Hello, fellow musicians! I am self-taught on piano & keyboards (53 years), drums (47 years), bass (45 years) and guitars (40 years). I started playing in bars with adults years before I was old enough to get in to drink! I played mostly bass in groups through the '70s, until my bass got stolen. I got a Les Paul Custom, too, and it was also stolen. Six years ago, I bought a Korg M50 keyboard workstation, and I've been playing that exclusively since, for my own amusement. I don't know any musicians anymore.

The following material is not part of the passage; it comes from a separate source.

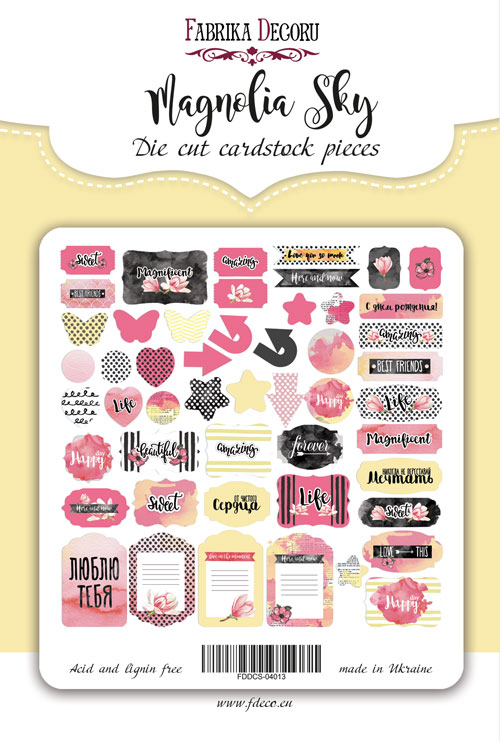 Set of die cuts Magnolia sky, 50 pcs - foto 0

I gave up on the dream of making records and getting on the radio. Now there is no radio format to play what I write, and I couldn't go on tour, as everything I've recorded was me playing all the instruments. The more I learned about the music industry, the less I wanted to be a part of it. It has screwed over a lot of people, and I couldn't be another one of them. I still play because I can. I don't know how to shut it off.

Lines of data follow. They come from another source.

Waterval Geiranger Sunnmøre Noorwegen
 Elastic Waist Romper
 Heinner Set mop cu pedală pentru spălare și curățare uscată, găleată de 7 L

Mainly, I am committed to learning how to play songs I didn't think I could play. I have a whole arsenal of vintage keyboard sounds in the M50, and if I need a Fender Rhodes suitcase with Mutron wah and phase shifting, or a Hohner Clavinet or a Wurlitzer electric piano or any number of organ sounds, they're right here on a button. So I have a blast playing songs with instruments I could never have afforded to amass individually. I've spent the last few years trying to decipher the Donald Fagen Secret Chord Progression method. I've made some headway, but I'm never going to understand music on his level. In fact, he is one of the people who I hear playing and ask myself why I even bother. Robert Fripp is another.